__What you are asked to do__
The answer must consist solely of the line that contains "this 800×533 image." and all subsequent lines of the data, each reproduced exactly.

__Records__
□ □ □ □

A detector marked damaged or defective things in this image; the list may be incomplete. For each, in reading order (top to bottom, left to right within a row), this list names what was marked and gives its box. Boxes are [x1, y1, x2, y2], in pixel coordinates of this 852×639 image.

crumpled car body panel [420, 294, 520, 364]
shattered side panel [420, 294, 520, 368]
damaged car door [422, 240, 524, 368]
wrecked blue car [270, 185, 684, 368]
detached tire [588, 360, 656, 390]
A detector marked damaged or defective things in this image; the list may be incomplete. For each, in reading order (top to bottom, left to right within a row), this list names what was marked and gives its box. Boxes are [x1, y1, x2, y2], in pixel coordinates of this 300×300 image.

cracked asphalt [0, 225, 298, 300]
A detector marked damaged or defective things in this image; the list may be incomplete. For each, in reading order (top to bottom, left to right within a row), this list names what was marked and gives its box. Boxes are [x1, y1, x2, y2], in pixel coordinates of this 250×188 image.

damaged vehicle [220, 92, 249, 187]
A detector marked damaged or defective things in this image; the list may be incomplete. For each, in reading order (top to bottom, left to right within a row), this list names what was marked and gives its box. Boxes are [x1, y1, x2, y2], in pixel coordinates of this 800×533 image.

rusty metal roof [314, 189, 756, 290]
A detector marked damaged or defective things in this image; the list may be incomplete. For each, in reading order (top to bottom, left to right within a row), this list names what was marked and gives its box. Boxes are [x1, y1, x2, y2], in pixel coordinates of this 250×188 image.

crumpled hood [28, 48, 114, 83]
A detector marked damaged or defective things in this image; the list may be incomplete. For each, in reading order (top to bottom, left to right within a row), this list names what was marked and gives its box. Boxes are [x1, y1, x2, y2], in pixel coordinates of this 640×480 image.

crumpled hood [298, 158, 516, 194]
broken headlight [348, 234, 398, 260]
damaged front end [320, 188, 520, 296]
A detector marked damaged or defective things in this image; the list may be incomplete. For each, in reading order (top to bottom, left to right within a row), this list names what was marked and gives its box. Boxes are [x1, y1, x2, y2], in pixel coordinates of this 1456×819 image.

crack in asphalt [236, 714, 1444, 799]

□ □ □ □

__Answer below__
A detector marked damaged or defective things in this image; the list may be incomplete. For each, in reading order (top to bottom, left to right within a row), this list names what was marked and gives its box. Boxes are [x1, y1, x2, y2], in pixel coordinates of this 800×533 image.

rusty metal roof [314, 189, 756, 290]
A detector marked damaged or defective things in this image; the list may be incomplete. For each, in reading order (top to bottom, left to right within a row), this list names what was marked and gives its box. Boxes are [x1, y1, x2, y2], in pixel coordinates of this 250×188 image.

crumpled hood [28, 48, 114, 83]
A detector marked damaged or defective things in this image; the list may be incomplete. For each, in reading order (top to bottom, left to right within a row), this list names what was marked and gives its box. Boxes are [x1, y1, x2, y2], in pixel coordinates of this 640×480 image.

crumpled hood [298, 158, 516, 194]
broken headlight [348, 234, 398, 260]
damaged front end [320, 188, 520, 296]
A detector marked damaged or defective things in this image; the list may be incomplete. For each, in reading order (top to bottom, left to right within a row), this list names what was marked and gives its box. Boxes are [x1, y1, x2, y2], in pixel coordinates of this 1456×819 image.

crack in asphalt [236, 714, 1444, 799]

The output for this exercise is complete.